§ **TASK OBJECTIVE**: With pictures left out, set down exactly the lines from the line containing "Used AUDI A5 Diesel 2024 Ad" through the last line of the data.

§ **EXCERPTED DATA**:

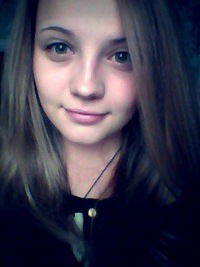 Юля Михайлова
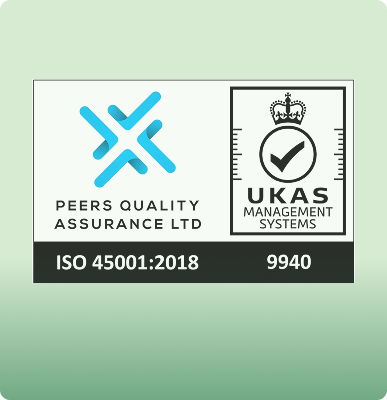 Certification Logo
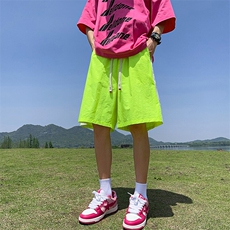 荧光绿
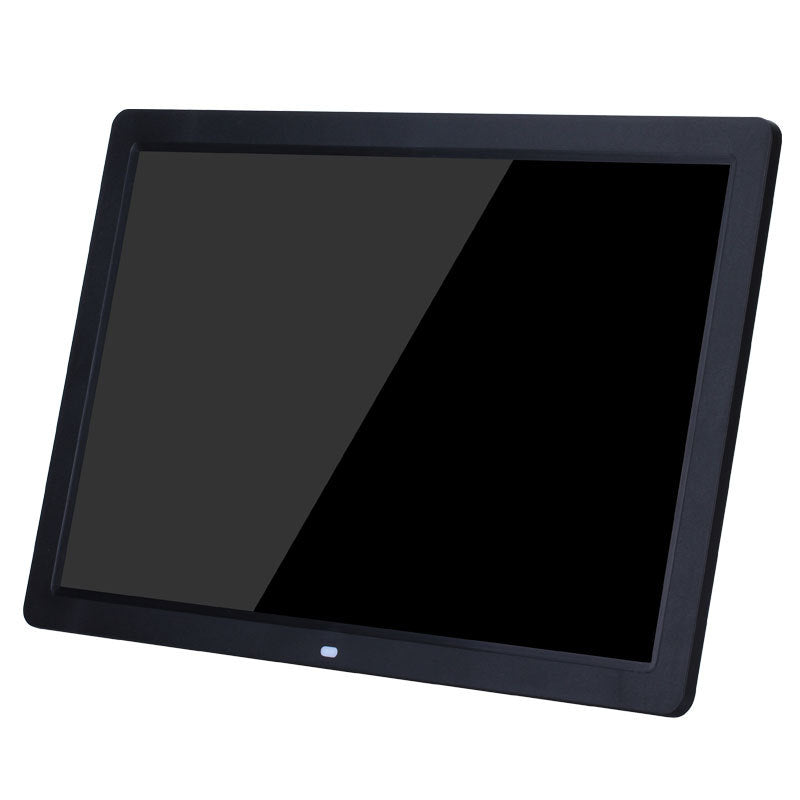 17 Inch Electronic Photo Display with Large HD Digital Screen Global swanky 2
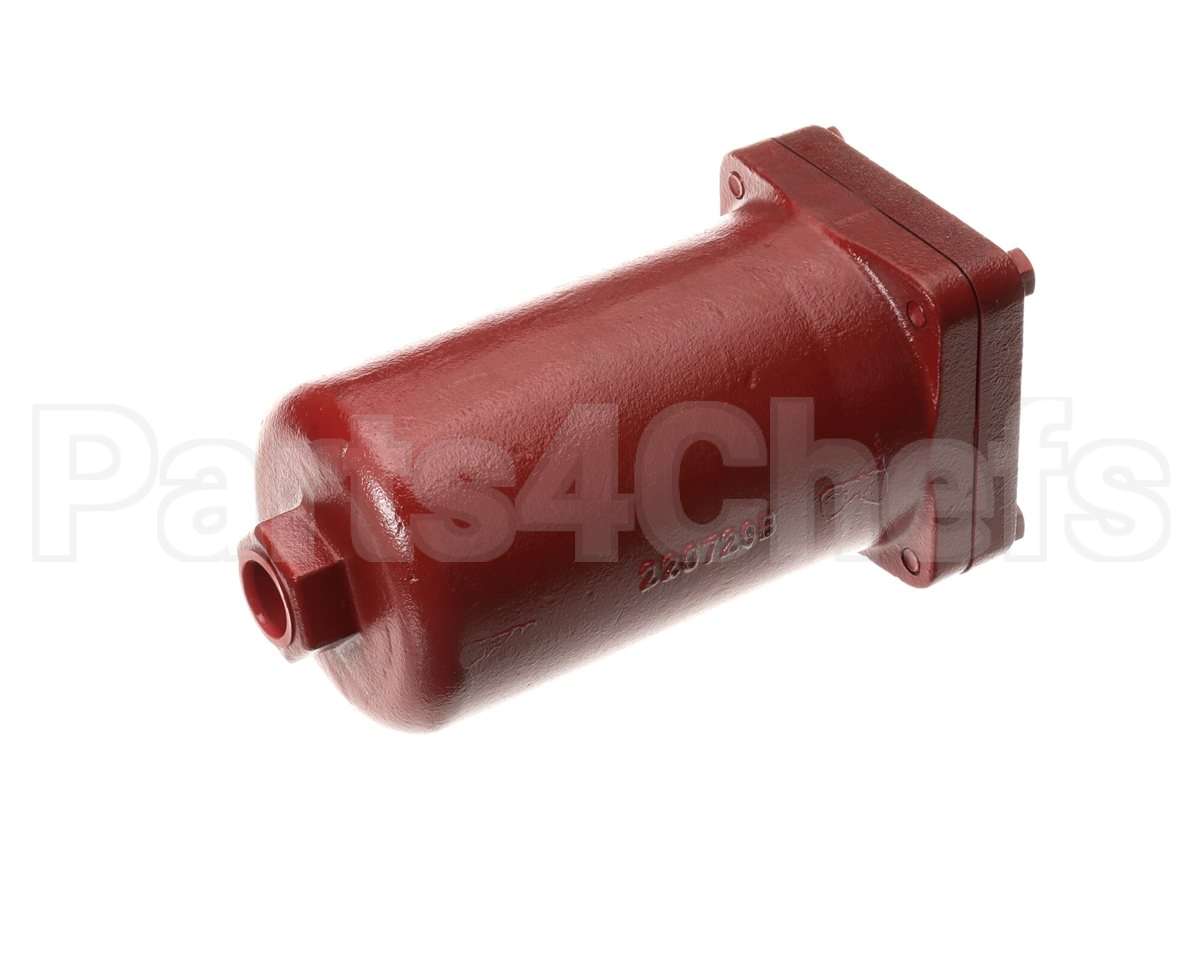 113076 Bell & Gossett 3/4X3/8Nptairvent150Max,107A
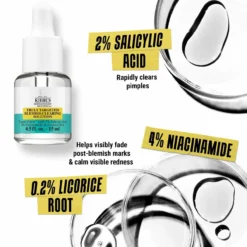 Spot Acne Tratamiento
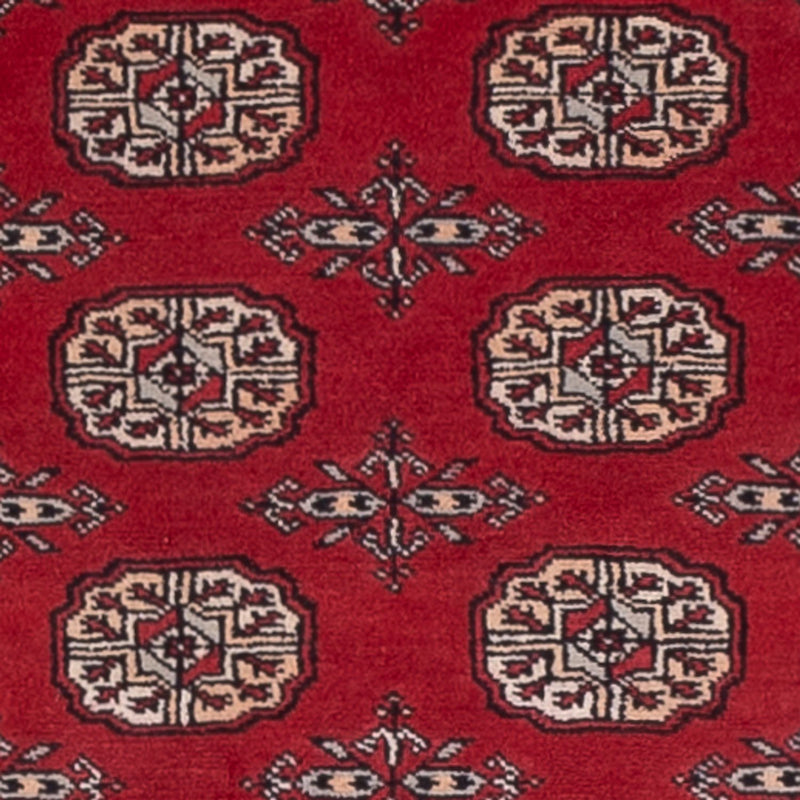 Tapete Paquistão 312x79cm - Tapete Oriental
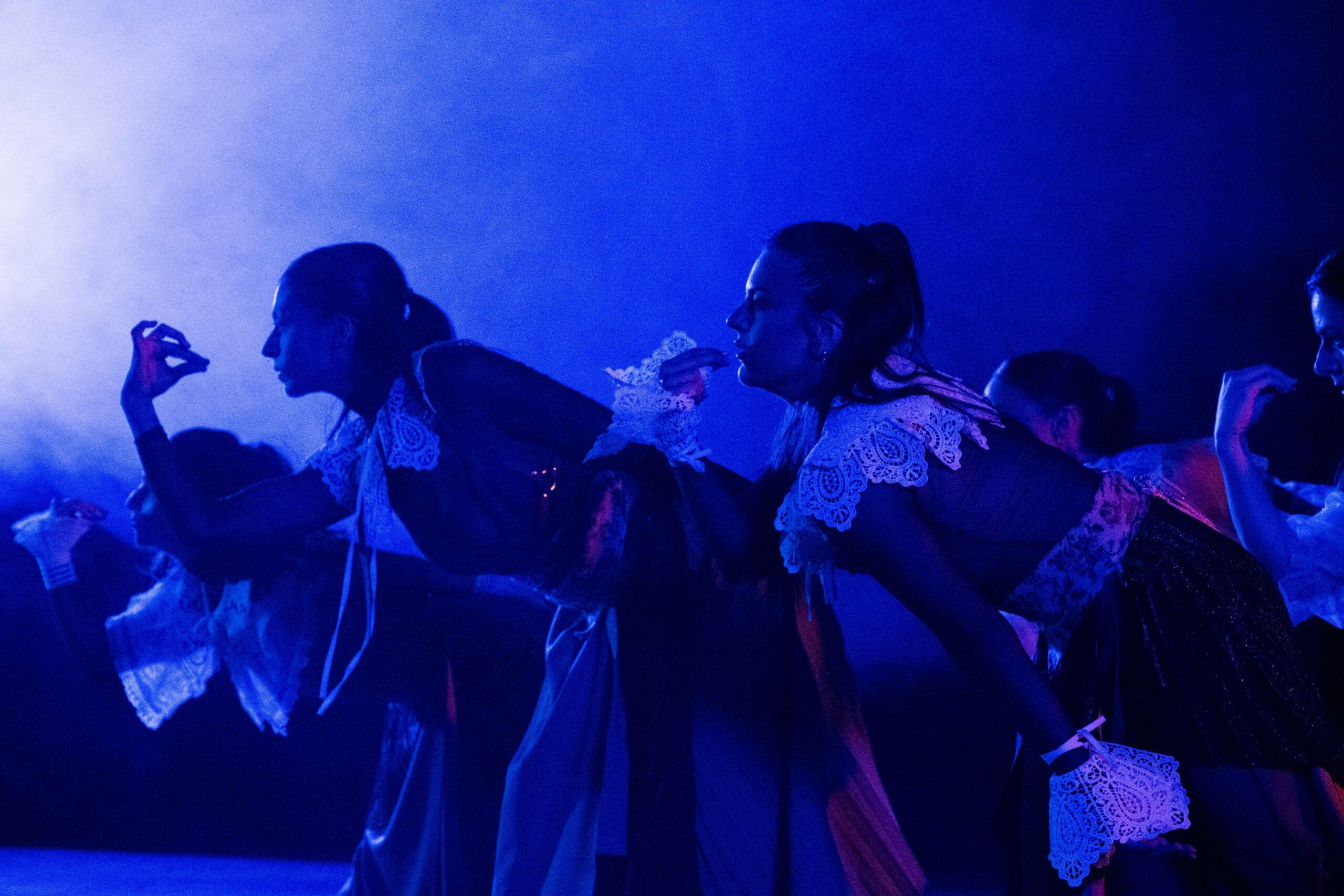 Πολιτιστική ατζέντα, Σάββατο 22 Νοεμβρίου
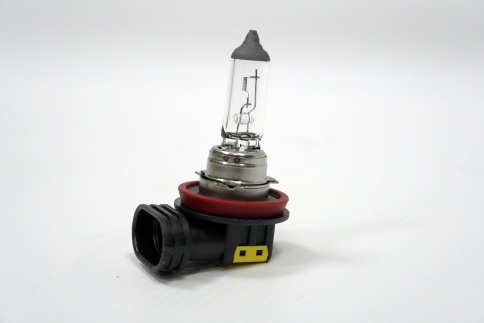 Philips  лампа H8 12V 35W    фото 4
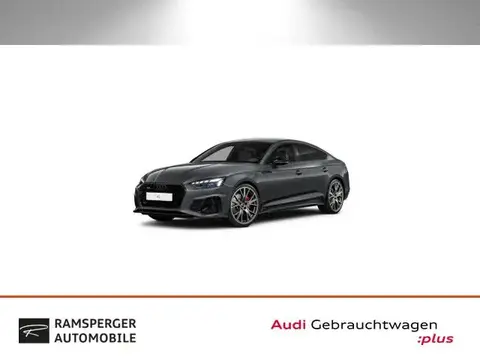 Used AUDI A5 Diesel 2024 Ad 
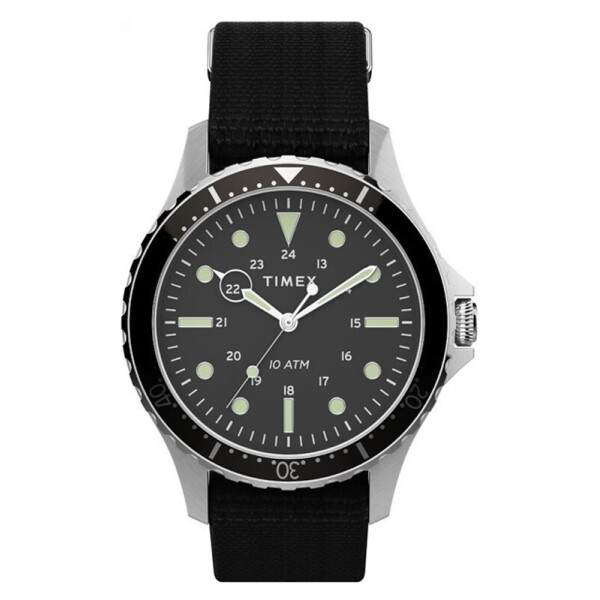 Часы Timex TW2T75600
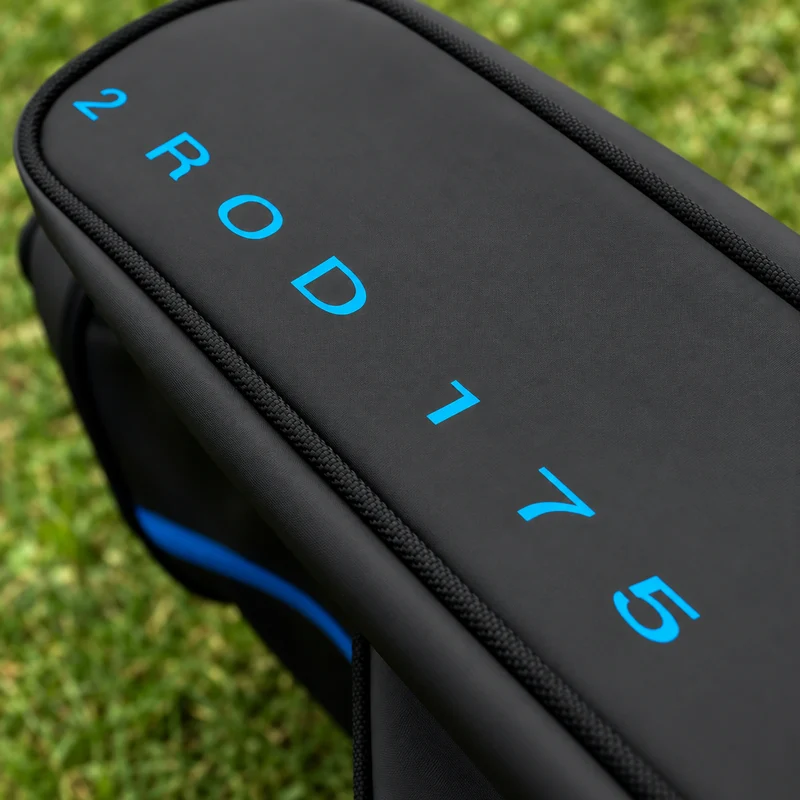 Supera X Rod Holdalls – Foedralen voor Werphengels 💰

§ **YOUR RESPONSE**:
 Used AUDI A5 Diesel 2024 Ad 
 Часы Timex TW2T75600
 Supera X Rod Holdalls – Foedralen voor Werphengels 💰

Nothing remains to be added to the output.